Я шепчу: никогда больше не пиши мне, Жорик. Пошел ты, Жорик. Отстань от меня. Рву письмо, а потом долго бью обрывки кулаками. Я должна быть мужиком. Таким как Владимир Иванович. Никаких слез.
Лежу в кровати и слышу, как что-то во мне лопается. Ни с того ни с сего шумит в ушах, будто машут крыльями ночные птицы. За окном то темнеет, то светлеет, словно мир включается и выключается. В голове стучит, будто там швыряются камнями. Ноги сводит, между ними набухает и липнет. Я перестаю понимать себя, я какой-то жалкий перевертыш…
Почему-то вспоминаю учителя по сольфеджио Михаила Антоновича в его желтом свитере. «Токката значит „трогать“, „касаться“». «Дотронься до меня, Ромина, сейчас же!»
Противно. Липко.
Но что дотронулось до меня самой, что коснулось меня? Лучше… дотронусь я сама до себя. И руки тянутся к давно известным местам. Исчезают неведомые ночные птицы, прекращает включаться и выключаться мир за окном, превращаясь в обычную ночь.

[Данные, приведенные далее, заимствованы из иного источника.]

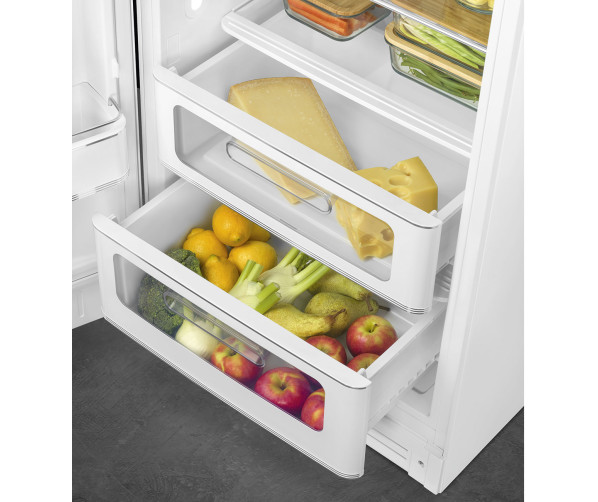 Smeg FAB28LWH5 koelkast wit - linksdraaiend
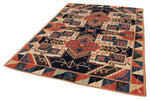 6x8 Multicolor Kazak Tribal Rug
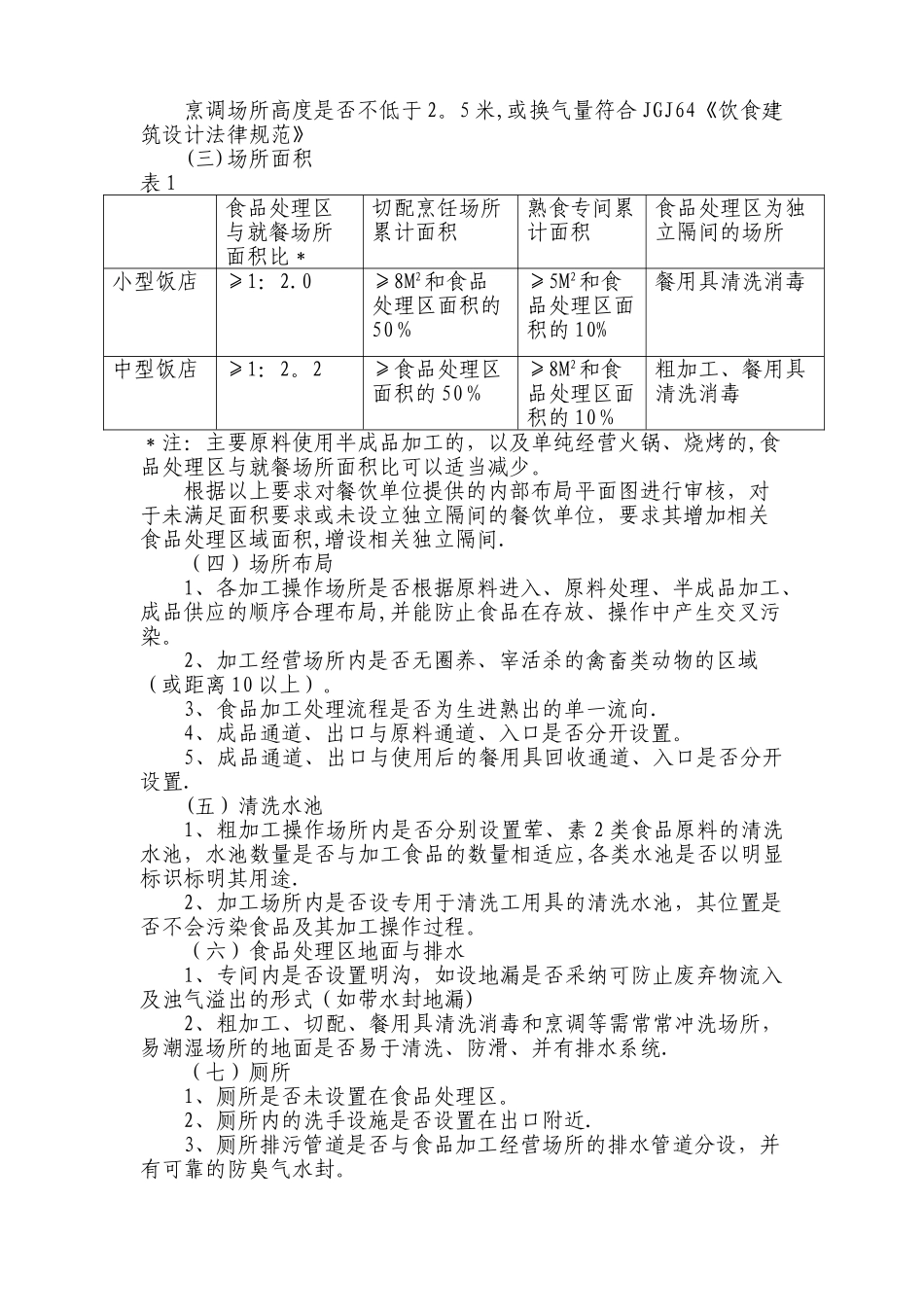 中小型餐饮单位预防性卫生审核作业指导书概要_第2页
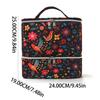 Double Layer Essential Oil Storage Bag 30 Grids Nail Care Kit Bag Makeup Bag  for Nail Lovers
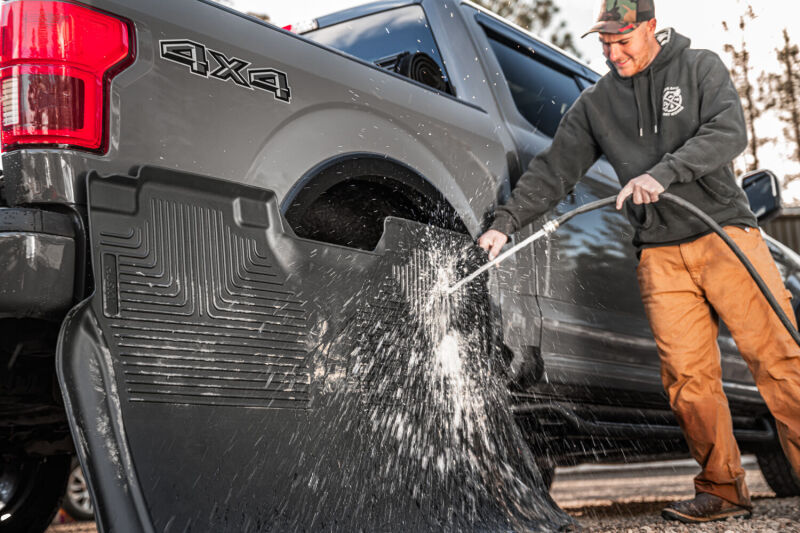 Husky Liners 2019 Chevrolet Silverado 1500 Crew Cab WeatherBeater Black 2nd Row Floor Liners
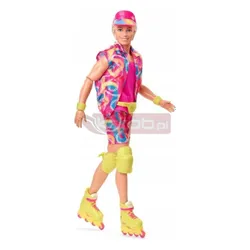 LALKA BARBIE KEN THE MOVIE lalka filmowa na rolkach HRF28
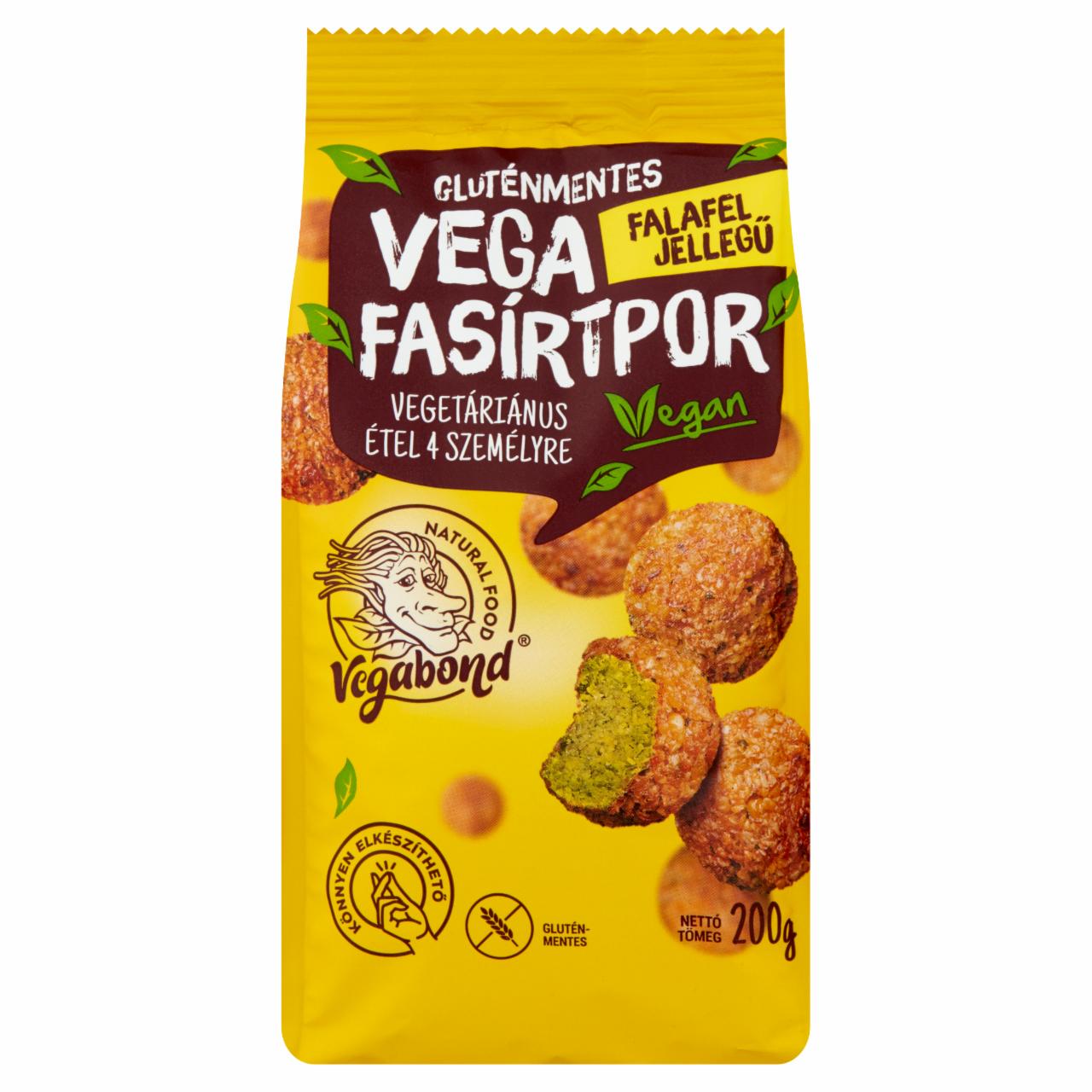 Képek - Vegabond falafel jellegű gluténmentes vega fasírtpor 200 g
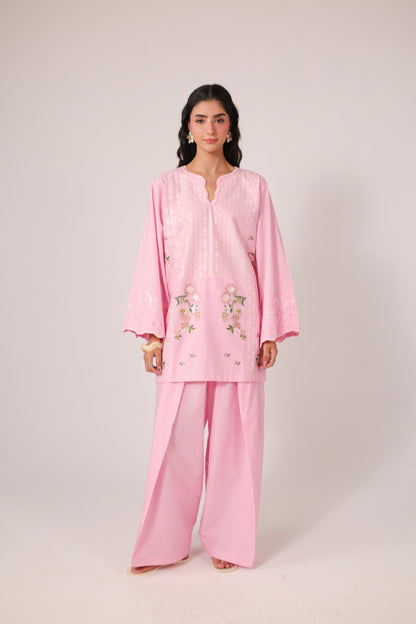 2PC Embroidered Pret- 1363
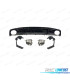 DIFFUSEUR AUDI A7 S LINE 16-18 LOOK RS7 NOIR BRILLANT + EMBOUTS D'ECHAPPEMENTS ARGENT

Отец в гостиной орет на мать, она плаксиво отвечает – все равно. Давно все равно. Я ненавижу их одинаково. И не потому, что я подросток, как говорят в школе, а просто так, потому что.
Противно. Липко.
И от тети Лены душно и липко.
Этот отец еще со своими мясом и стройкой, стройкой и мясом. И этот Жорик со своими идиотским почерком и воронежскими соплями. И никакой я больше не подросток. Ложилась в кровать подростком, а засыпаю кем-то другим.
Сегодня у нас нет тренировки, но я знаю, что Владимир Иванович в спортзале и он ждет меня. И я иду к нему. Но я ли это? Или кто-то идет моими ногами? На миг появляется ощущение, что я взрослый мужчина и иду к другому мужчине. Это все отец, да пошел он. Я – девушка. И иду к любимому.